→ **Problem to work on**
Wherever "Louis" turns up in the entries, copy out the line that holds it.

(Short text fragments from websites)

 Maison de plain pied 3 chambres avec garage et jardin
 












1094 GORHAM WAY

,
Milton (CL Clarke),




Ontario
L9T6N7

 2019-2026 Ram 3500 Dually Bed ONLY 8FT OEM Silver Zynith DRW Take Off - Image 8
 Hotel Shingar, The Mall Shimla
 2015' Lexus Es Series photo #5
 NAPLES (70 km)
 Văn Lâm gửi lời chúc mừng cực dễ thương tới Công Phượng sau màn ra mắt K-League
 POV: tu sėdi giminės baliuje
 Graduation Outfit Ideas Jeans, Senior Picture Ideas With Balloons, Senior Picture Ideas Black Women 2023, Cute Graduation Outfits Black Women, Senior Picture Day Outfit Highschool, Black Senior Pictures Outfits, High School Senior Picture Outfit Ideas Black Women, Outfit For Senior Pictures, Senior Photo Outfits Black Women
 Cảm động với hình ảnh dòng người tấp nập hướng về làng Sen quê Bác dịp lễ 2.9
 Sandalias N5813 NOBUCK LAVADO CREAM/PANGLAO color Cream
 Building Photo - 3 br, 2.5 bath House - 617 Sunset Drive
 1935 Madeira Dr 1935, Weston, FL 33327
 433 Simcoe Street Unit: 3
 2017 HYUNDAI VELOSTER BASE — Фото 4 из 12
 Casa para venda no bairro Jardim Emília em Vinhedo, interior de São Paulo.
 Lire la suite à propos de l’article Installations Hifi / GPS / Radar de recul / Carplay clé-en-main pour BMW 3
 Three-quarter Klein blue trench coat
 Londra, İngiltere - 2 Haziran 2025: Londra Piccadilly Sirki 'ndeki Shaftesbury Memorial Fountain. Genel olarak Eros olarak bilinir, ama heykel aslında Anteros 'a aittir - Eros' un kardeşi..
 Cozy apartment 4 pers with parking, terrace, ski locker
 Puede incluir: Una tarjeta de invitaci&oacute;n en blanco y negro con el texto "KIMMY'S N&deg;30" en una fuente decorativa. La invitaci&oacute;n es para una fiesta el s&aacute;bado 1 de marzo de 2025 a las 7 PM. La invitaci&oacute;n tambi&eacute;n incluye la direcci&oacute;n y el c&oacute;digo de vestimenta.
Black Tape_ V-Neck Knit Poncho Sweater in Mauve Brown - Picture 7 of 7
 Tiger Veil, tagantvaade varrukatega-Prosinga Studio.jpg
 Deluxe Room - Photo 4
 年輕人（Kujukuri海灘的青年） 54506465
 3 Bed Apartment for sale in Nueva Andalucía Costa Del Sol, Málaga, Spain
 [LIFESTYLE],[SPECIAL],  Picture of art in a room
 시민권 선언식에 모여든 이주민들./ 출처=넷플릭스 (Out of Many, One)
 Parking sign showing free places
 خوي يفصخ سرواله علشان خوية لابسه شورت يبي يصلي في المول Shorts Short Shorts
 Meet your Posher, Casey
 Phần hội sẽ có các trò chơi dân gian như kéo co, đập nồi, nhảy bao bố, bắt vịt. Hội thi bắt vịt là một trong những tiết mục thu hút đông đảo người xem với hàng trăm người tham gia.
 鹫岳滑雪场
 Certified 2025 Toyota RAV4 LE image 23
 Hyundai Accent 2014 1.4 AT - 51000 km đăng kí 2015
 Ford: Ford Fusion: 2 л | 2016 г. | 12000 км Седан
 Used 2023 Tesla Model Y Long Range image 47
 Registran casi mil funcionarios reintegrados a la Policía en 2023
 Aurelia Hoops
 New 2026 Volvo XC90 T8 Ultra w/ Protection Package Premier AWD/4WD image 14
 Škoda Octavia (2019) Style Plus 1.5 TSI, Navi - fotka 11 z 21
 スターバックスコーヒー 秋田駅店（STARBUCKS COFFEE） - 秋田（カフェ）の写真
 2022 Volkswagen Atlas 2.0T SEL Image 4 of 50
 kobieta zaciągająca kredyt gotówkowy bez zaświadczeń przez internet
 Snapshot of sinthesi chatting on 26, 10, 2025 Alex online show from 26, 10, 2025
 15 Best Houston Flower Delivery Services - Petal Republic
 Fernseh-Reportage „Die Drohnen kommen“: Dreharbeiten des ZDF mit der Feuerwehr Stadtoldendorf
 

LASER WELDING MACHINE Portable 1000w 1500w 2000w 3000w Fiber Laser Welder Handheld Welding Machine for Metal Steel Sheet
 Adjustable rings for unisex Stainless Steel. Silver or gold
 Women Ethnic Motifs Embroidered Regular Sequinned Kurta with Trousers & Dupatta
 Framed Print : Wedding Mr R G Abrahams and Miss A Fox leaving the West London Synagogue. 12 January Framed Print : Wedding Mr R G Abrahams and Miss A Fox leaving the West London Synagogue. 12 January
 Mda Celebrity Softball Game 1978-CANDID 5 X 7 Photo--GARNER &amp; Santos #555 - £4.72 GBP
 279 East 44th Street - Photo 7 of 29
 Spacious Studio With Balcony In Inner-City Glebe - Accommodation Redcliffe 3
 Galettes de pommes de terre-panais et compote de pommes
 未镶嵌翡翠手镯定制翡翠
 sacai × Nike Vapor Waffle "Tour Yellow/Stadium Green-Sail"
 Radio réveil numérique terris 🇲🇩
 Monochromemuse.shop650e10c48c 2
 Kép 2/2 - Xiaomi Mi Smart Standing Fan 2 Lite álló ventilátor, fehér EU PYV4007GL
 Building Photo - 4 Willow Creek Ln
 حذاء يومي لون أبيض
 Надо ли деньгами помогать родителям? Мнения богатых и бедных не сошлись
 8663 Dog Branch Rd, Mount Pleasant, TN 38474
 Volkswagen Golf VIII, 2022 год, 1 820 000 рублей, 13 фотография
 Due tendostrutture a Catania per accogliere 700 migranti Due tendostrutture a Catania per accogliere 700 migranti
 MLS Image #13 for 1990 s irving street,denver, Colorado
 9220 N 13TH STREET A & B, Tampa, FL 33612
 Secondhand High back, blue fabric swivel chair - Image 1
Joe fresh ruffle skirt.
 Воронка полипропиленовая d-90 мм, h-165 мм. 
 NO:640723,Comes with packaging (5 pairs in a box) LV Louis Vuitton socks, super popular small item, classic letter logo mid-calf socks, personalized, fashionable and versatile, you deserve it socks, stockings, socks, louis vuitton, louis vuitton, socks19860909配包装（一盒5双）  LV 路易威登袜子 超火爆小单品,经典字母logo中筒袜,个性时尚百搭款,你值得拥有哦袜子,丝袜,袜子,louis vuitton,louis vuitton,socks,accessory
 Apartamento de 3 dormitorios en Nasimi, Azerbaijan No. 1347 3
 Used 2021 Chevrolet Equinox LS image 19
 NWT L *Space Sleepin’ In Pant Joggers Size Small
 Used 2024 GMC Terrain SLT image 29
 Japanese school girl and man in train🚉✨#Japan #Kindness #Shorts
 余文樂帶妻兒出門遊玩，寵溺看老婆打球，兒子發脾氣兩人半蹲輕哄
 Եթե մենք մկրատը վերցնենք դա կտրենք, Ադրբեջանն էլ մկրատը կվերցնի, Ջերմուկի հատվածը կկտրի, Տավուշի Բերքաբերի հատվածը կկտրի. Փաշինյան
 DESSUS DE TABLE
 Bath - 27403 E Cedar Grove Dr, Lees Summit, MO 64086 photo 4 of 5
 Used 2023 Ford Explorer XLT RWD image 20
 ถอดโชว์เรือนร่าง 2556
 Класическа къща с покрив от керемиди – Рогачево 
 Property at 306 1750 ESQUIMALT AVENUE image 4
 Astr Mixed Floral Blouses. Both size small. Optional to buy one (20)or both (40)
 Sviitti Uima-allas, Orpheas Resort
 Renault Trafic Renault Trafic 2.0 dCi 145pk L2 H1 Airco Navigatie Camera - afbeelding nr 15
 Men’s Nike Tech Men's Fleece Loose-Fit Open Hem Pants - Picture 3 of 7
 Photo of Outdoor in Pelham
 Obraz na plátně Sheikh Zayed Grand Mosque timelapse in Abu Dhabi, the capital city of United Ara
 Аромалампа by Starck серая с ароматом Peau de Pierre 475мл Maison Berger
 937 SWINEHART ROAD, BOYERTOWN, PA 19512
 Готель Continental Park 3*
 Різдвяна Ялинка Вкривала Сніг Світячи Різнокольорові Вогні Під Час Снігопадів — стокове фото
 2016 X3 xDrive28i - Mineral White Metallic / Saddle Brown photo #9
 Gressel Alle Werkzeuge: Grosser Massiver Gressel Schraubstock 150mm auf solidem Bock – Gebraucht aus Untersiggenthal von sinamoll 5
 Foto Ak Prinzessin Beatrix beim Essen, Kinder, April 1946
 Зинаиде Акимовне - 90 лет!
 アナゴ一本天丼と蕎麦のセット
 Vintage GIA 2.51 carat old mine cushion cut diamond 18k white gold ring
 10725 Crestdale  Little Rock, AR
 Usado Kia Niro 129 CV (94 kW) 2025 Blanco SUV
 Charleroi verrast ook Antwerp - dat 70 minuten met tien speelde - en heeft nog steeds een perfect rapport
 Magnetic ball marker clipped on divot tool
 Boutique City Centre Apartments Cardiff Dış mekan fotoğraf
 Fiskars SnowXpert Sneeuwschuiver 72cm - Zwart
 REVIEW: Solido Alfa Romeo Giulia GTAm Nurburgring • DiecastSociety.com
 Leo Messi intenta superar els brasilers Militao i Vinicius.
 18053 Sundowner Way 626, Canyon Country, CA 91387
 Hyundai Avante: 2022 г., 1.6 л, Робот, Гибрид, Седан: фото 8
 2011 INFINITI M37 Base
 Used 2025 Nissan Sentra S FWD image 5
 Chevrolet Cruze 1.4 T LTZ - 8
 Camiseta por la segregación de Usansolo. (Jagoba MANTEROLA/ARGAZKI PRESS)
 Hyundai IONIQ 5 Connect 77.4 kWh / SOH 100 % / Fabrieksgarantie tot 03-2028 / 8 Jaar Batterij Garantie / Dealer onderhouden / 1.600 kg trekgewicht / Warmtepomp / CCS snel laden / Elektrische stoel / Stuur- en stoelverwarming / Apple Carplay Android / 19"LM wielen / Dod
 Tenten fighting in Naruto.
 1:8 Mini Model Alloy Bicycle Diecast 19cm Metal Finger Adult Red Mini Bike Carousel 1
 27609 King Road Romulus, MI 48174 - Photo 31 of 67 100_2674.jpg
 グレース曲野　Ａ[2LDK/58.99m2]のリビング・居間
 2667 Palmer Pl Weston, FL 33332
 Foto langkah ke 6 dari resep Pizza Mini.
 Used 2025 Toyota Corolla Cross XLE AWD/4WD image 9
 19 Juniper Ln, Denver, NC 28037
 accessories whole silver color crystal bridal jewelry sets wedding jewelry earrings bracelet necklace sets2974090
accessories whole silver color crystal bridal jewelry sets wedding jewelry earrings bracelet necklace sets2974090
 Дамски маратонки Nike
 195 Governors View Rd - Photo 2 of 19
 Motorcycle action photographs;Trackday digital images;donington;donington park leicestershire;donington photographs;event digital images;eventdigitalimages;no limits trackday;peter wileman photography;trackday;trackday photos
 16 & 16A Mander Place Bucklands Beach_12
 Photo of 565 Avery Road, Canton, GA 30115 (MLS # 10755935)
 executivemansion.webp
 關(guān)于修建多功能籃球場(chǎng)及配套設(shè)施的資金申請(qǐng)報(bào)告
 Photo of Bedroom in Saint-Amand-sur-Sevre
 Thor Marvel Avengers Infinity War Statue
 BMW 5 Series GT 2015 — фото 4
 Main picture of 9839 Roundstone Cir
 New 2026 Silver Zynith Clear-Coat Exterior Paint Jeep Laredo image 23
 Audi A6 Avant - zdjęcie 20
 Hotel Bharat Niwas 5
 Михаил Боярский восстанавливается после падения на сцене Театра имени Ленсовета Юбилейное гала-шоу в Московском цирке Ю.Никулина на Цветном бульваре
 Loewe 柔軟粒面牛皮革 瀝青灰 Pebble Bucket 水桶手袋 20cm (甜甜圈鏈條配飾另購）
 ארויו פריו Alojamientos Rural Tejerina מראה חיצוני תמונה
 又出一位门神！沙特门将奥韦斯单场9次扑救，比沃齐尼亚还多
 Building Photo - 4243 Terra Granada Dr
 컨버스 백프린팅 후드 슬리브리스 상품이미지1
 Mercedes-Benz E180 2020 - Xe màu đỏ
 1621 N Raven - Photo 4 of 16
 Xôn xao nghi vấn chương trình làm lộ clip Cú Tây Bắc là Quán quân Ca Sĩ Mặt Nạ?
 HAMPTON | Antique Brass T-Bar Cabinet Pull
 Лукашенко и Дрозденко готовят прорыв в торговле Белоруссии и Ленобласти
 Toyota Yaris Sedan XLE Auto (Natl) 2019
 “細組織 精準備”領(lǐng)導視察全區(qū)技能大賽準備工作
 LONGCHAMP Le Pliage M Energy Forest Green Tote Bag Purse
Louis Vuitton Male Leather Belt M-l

→ **Exercise answer**
 NO:640723,Comes with packaging (5 pairs in a box) LV Louis Vuitton socks, super popular small item, classic letter logo mid-calf socks, personalized, fashionable and versatile, you deserve it socks, stockings, socks, louis vuitton, louis vuitton, socks19860909配包装（一盒5双）  LV 路易威登袜子 超火爆小单品,经典字母logo中筒袜,个性时尚百搭款,你值得拥有哦袜子,丝袜,袜子,louis vuitton,louis vuitton,socks,accessory
Louis Vuitton Male Leather Belt M-l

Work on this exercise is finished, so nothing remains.